# [BRIEF]
What is needed is the full listing written out exactly, minus the pictures.

# [DATASET]
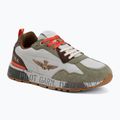 Мъжки обувки Aeronautica Militare SC0276UCT03546 salvia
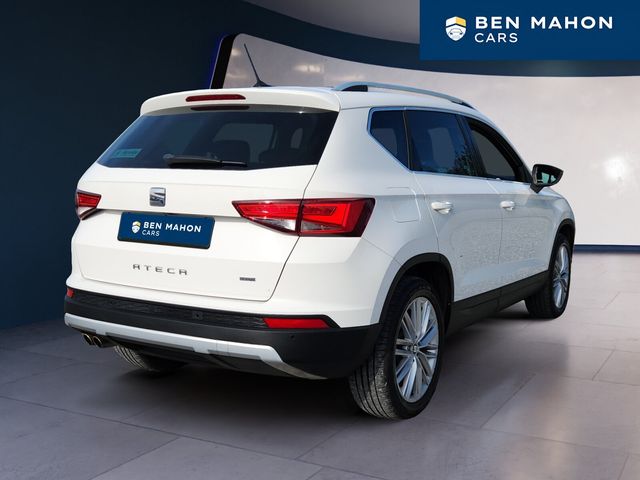 Image for 2017 SEAT Ateca 2.0TDI 150HP 4DRIVE Xcellence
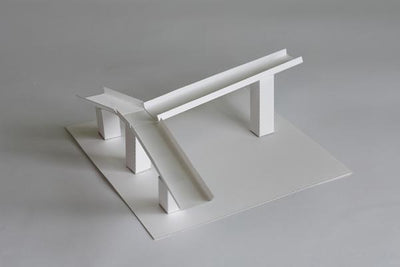 Anti-Schwerkraft T-Brücke by Kokichi Sugihara Magic Center Harri bei Deinparadies.ch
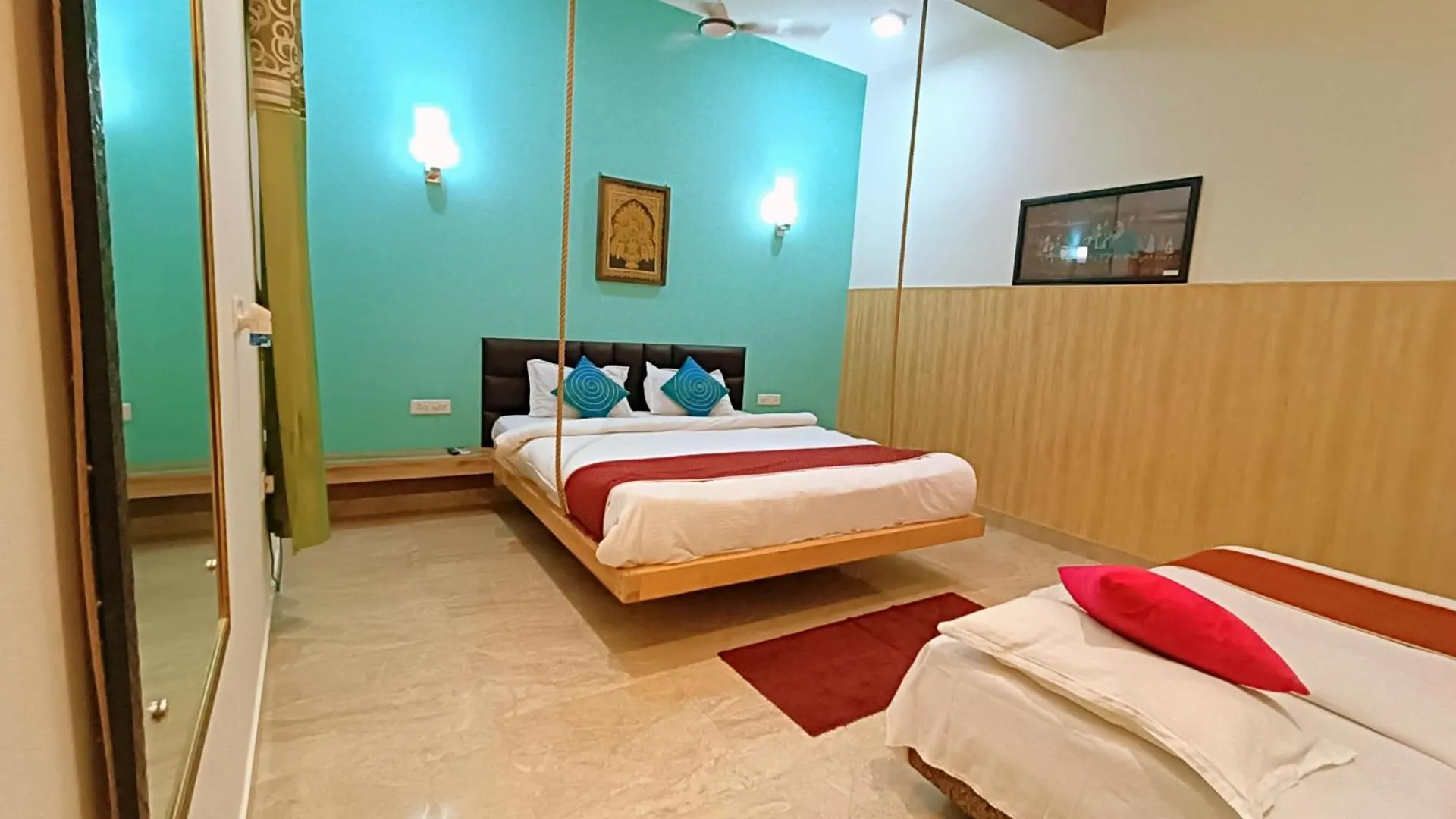 The Hideout Agra Homestay Near Taj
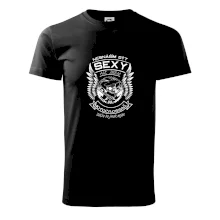 Nesnáším být sexy - motocrossař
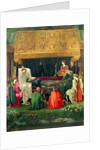 The Last Sleep of Arthur in Avalon, 1881-98 by Edward Coley Burne-Jones
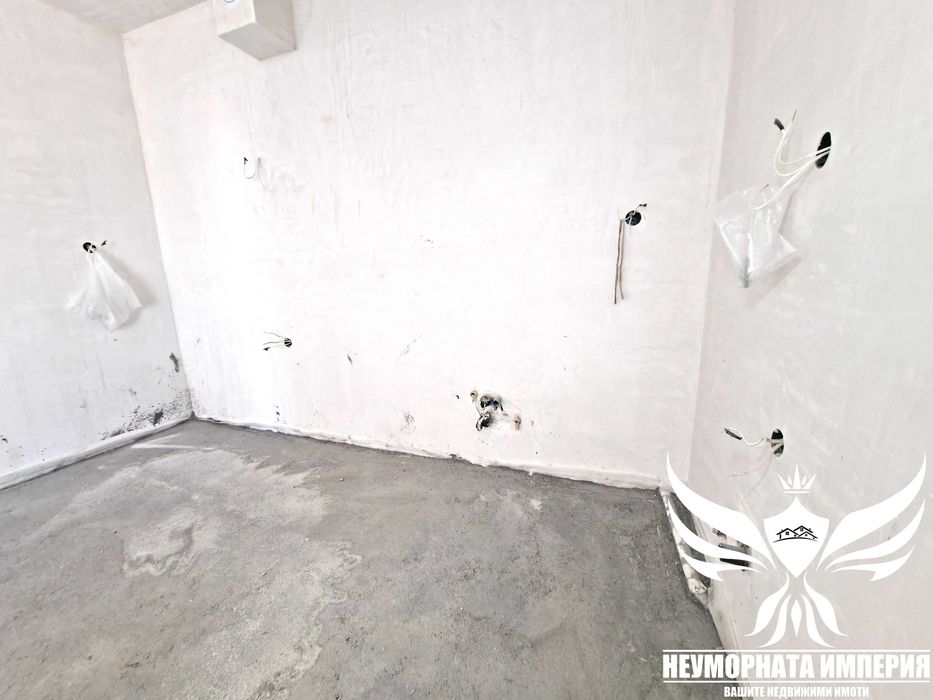 Продавам нов двустаен 95кв.м. 4ет. в гр.Асеновград, кв.Баделем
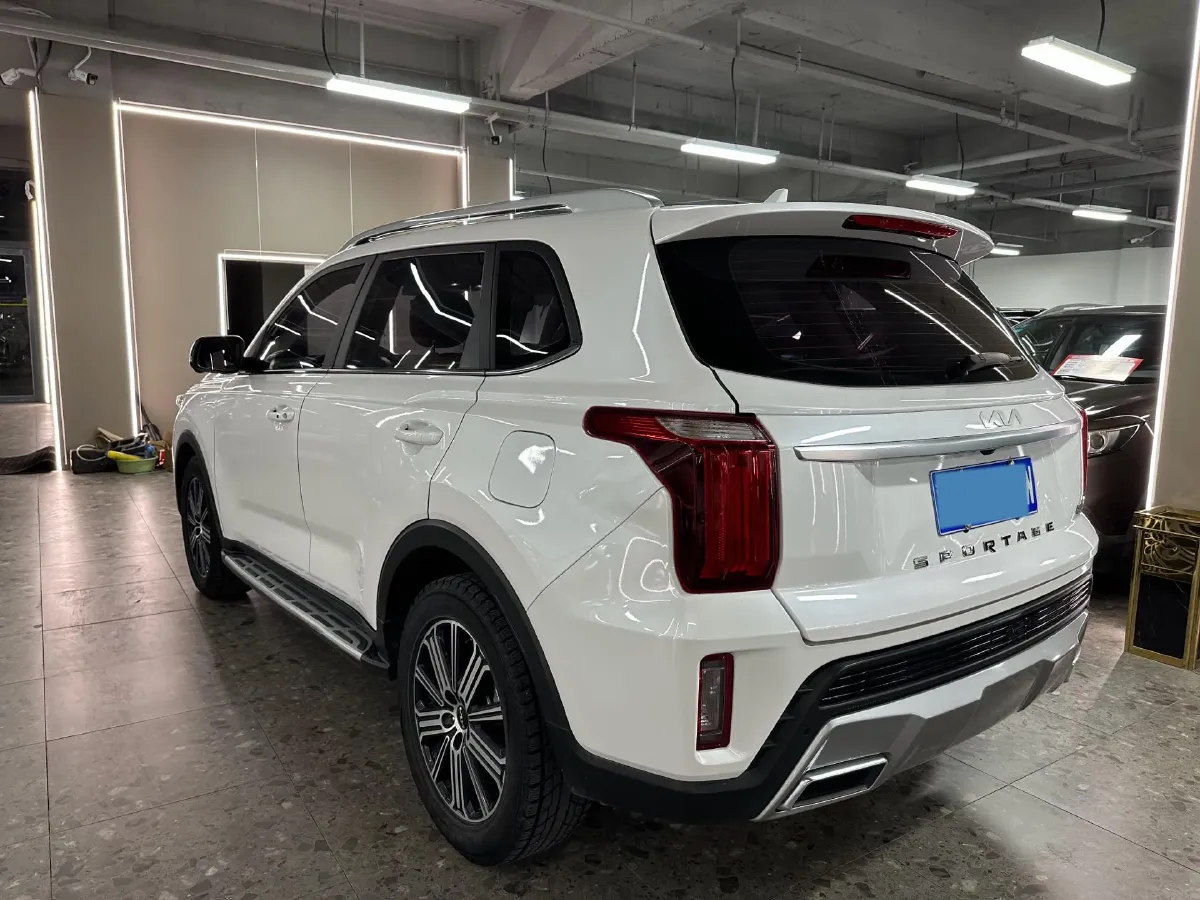 2021 Kia Sportage R 2.0L 161HP L4 6AT,autocango,china used car exporter,china ev exporter,chinese used car exporter,chinese used ev exporter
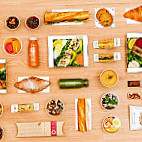Pret A Manger Aia Tower food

# [ANSWER BOX]
 Мъжки обувки Aeronautica Militare SC0276UCT03546 salvia
 Image for 2017 SEAT Ateca 2.0TDI 150HP 4DRIVE Xcellence
 Anti-Schwerkraft T-Brücke by Kokichi Sugihara Magic Center Harri bei Deinparadies.ch
 The Hideout Agra Homestay Near Taj
 Nesnáším být sexy - motocrossař
 The Last Sleep of Arthur in Avalon, 1881-98 by Edward Coley Burne-Jones
 Продавам нов двустаен 95кв.м. 4ет. в гр.Асеновград, кв.Баделем
 2021 Kia Sportage R 2.0L 161HP L4 6AT,autocango,china used car exporter,china ev exporter,chinese used car exporter,chinese used ev exporter
Pret A Manger Aia Tower food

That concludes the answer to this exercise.